The character models are nicely stylized both in coloration and actual design. The environments are nicely detailed. The game makes excellent use of some cel-shading effects to give an extra flare to some events such as enemy deaths. The game does not house the best graphics you will ever see but it looks like you would expect it to look: vibrant.
It's midi all the way and that certainly will be a problem for some people. I am not one of them. Midi music lends a flavor all its own to the experience of videogames and the music in this game is excellent regardless. There are a couple of nods to music from Donkey Kong Country, but in general the music is all new. The themes are catchy and recall a better time when yuppies were the order of the day.
Jungle Beat also makes good use of context sensitive sound effects and music to further enhance the musical aspect of the platforming experience. A note or two will be added to the music every time DK jumps, for example. Rather than just having the same note every time, the sounds will be slightly different every time so that they line up well with the music. When DK swings on a vine, the game adds in ascending and descending scales. There are plenty more examples but just take my word that it's all done very sharply.
Donkey Kong wants to do something...possible for some reason. If you're looking for a story, I recommend The Malazapan Book of the Fallen series by Steven Erikson. This game probably will not satisfy your needs in this department.
The game is not that long. You can probably sprint through it in 5 hours or so. But to paraphrase Tycho from Penny-Arcade, you will beat the game quickly and crown yourself king, but you will be king of nothing. This game keeps track of the best times through each kingdom. It also keeps track of the best scores for each kingdom. Mastering the combo system and maximizing your score is an enormous part of this game and if you are the kind of gamer who is unwilling to do that, then move along. This game will not bring you joy. For everyone else...it takes 1200 beats to get platinum on each level. There are people who have gotten 3000+ on several levels. If hearing that suddenly gave you the urge to master this game like none other so that you may bathe in the glory of those beneath you, I highly recommend this game. And some valium.

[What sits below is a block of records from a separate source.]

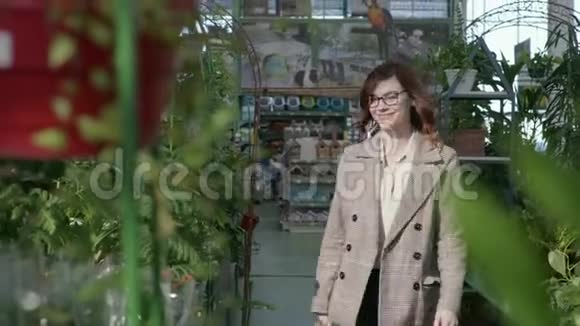 女人在花园里检查开花的植物女人带着眼镜用视觉购买盆栽的装饰植物视频的预览图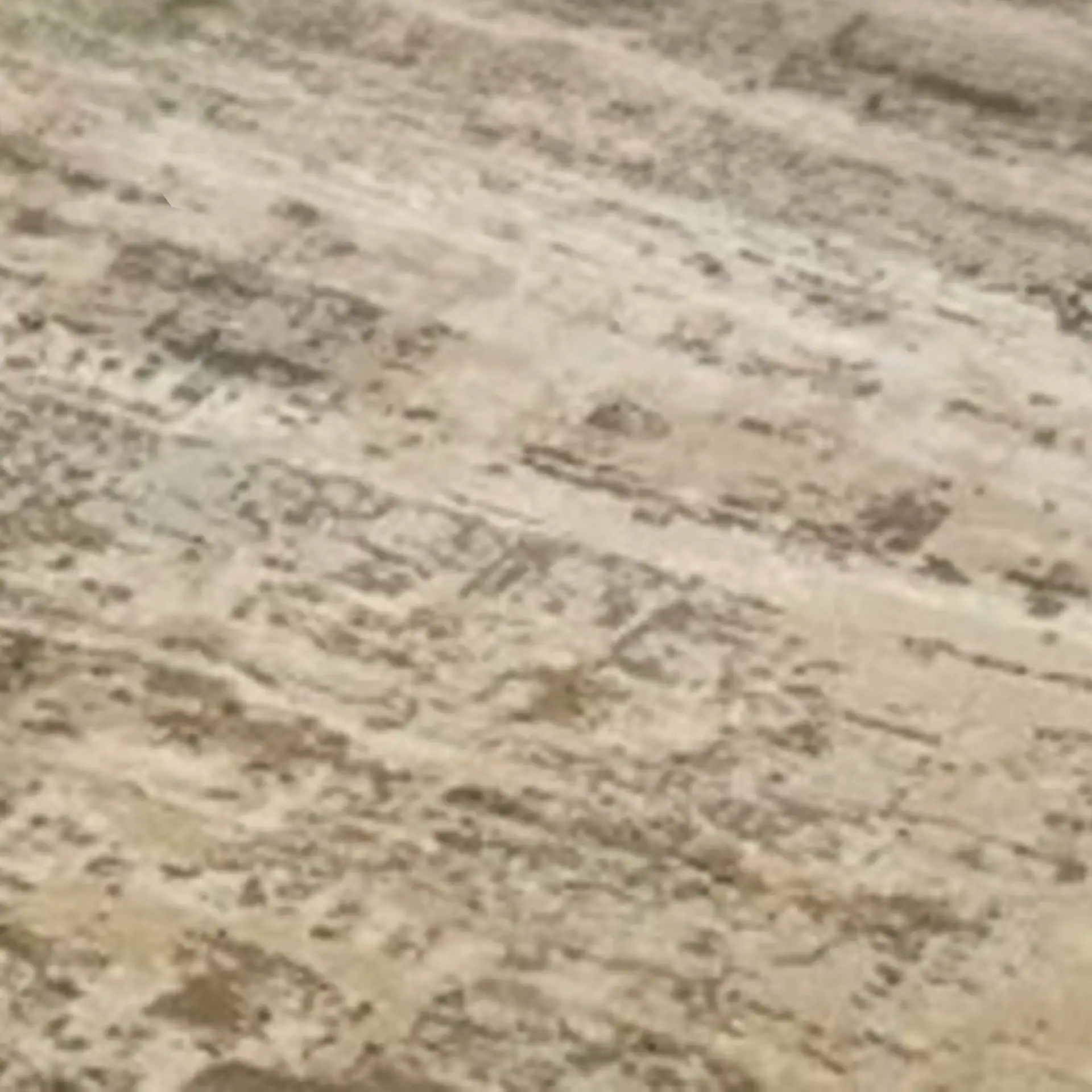 Marble countertop with natural veining and polished finish.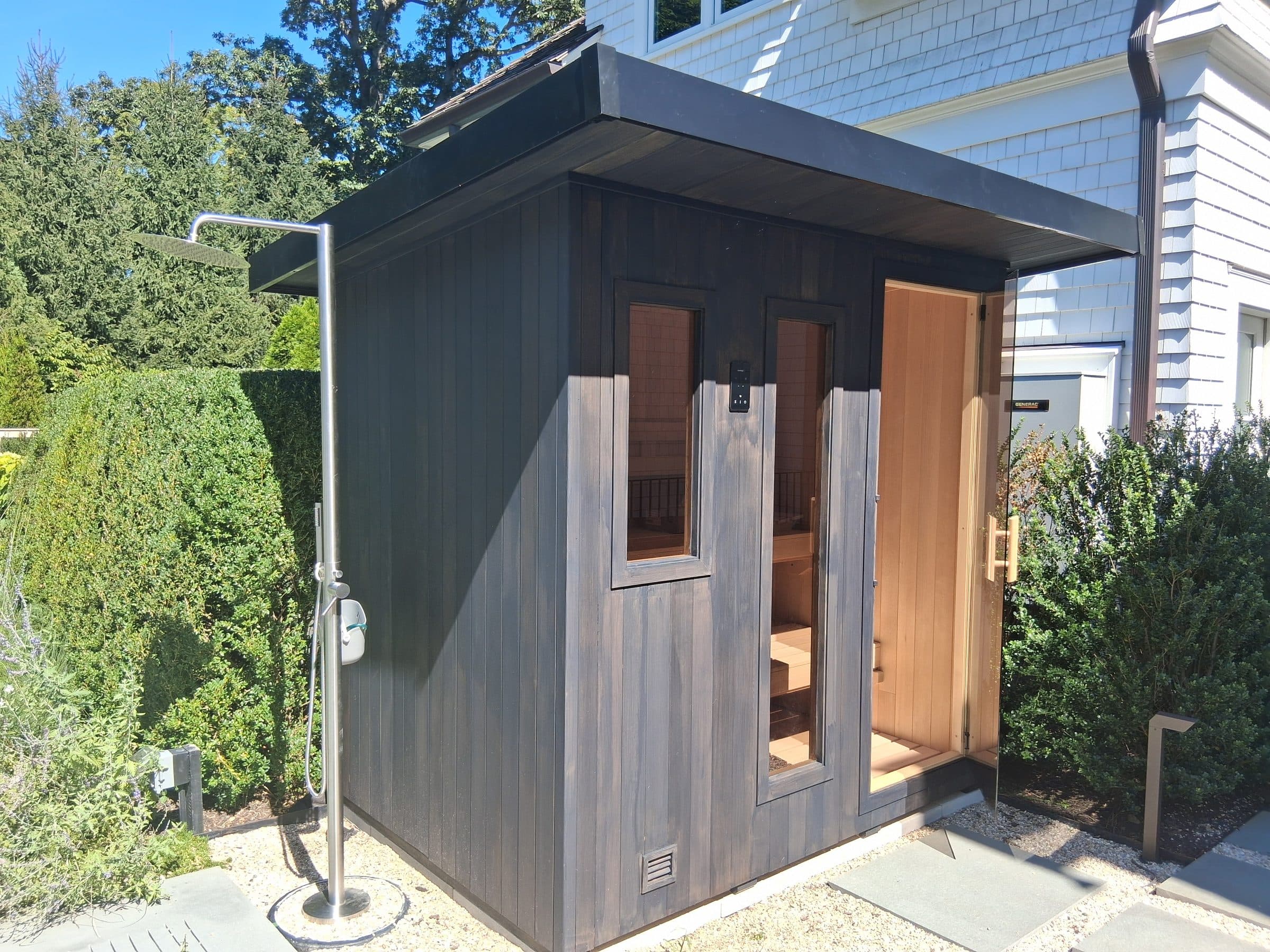 Dark outdoor sauna with an open glass door, outdoor shower, and stepping-stone approach.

Overall: 9.6/10 (Marked down for length)
If you're bothering to read this, I figure it's because you hate me, love me, or are interested in buying this game. If it's one of the first one, know that if you strike me down I will become more possible than you can possibly imagine. If it's the second one, I'm flattered but you're not my type unless you're a woman. If it's the last one, buy the game. You can beat me up in an alley later if you think it's been a waste of money, but I have a sneaking suspicion you'll probably enjoy it. This is the game platforming fans have been waiting for. Ignore the fact that it uses bongos for controls. Ignore the fact that it has nothing to do with either the Donkey Kong series or Donkey Kong Country series. This game is fresh and original. This game is innovative. This game is good. Buy it now.